Based on the technologies presented in this review, it is evident that there is a considerable armory of bioengineering techniques available to assess the effects of mechanical loading on the integrity of skin tissues. They are based on measurements at the skin-device interface, the physiological and biological response at the skin, as well as the imaging and modelling of the internal tissue status. The combination of these distinct technologies has provided the basis to predict the conditions which can lead to skin and soft tissue damage in a range of clinical situations e.g. pressure ulcers in sitting or diabetic foot ulcers during gait. Future research should focus on the translation of these technologies to provide robust, cost effective means by which individuals can be monitored over prolonged periods and targeted interventions delivered to those who are at high risk of tissue damage. In particular, sensors which can monitor the local carbon dioxide levels and inflammatory response in loaded skin sites could provide the potential to identify early compromise of tissues prior to gross damage. The modification of existing technologies such as long-term pressure and shear monitoring could also provide a means by which patient posture and mobility can be tracked over prolonged periods. This could inform patients, carers and clinicians of behaviors which will predispose individuals to increased risk of PUs, DFUs. The creation of algorithms which can format and process the large data generated from such sensors could also lead to improved translation of these technologies, with the potential for machine learning to facilitate this process. There is also a significant opportunity to use the bioengineering approaches to optimise the design of medical devices, including their material combinations, in contact with the skin. Future goals related to both PU and DFU prevention, which could be achieved in the research and clinical setting, can be summarised as:

  • Establishment of objective risk assessment tools for PU and DFU applications, which are reliable and robust.
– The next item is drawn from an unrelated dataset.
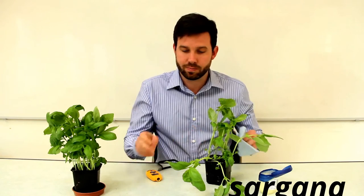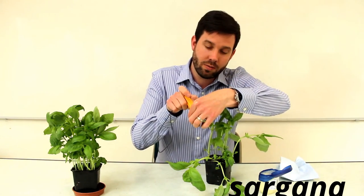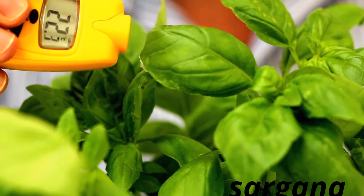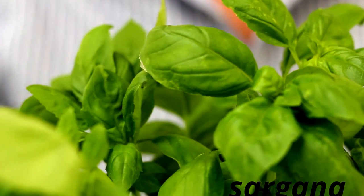The investigation is all about measuring the change in temperature of that leaf. If you take the temperature of the same leaf that you've applied the Vaseline to over a course of about 10 minutes, you'll find that the temperature of the leaf will increase due to the reduction in evaporative cooling on that leaf.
  • Development of an integrated system to monitor conditions at the loaded body-support interface, including pressure, shear and microclimate (Fig. 2).

  • Use of novel materials and advanced support systems to create a ‘closed loop system’ for skin protection.

  • Prediction of the interface/interstitial conditions which may lead to tissue breakdown.

  • Validation of computational models, which can provide clinical translation for the prevention and management of chronic wounds.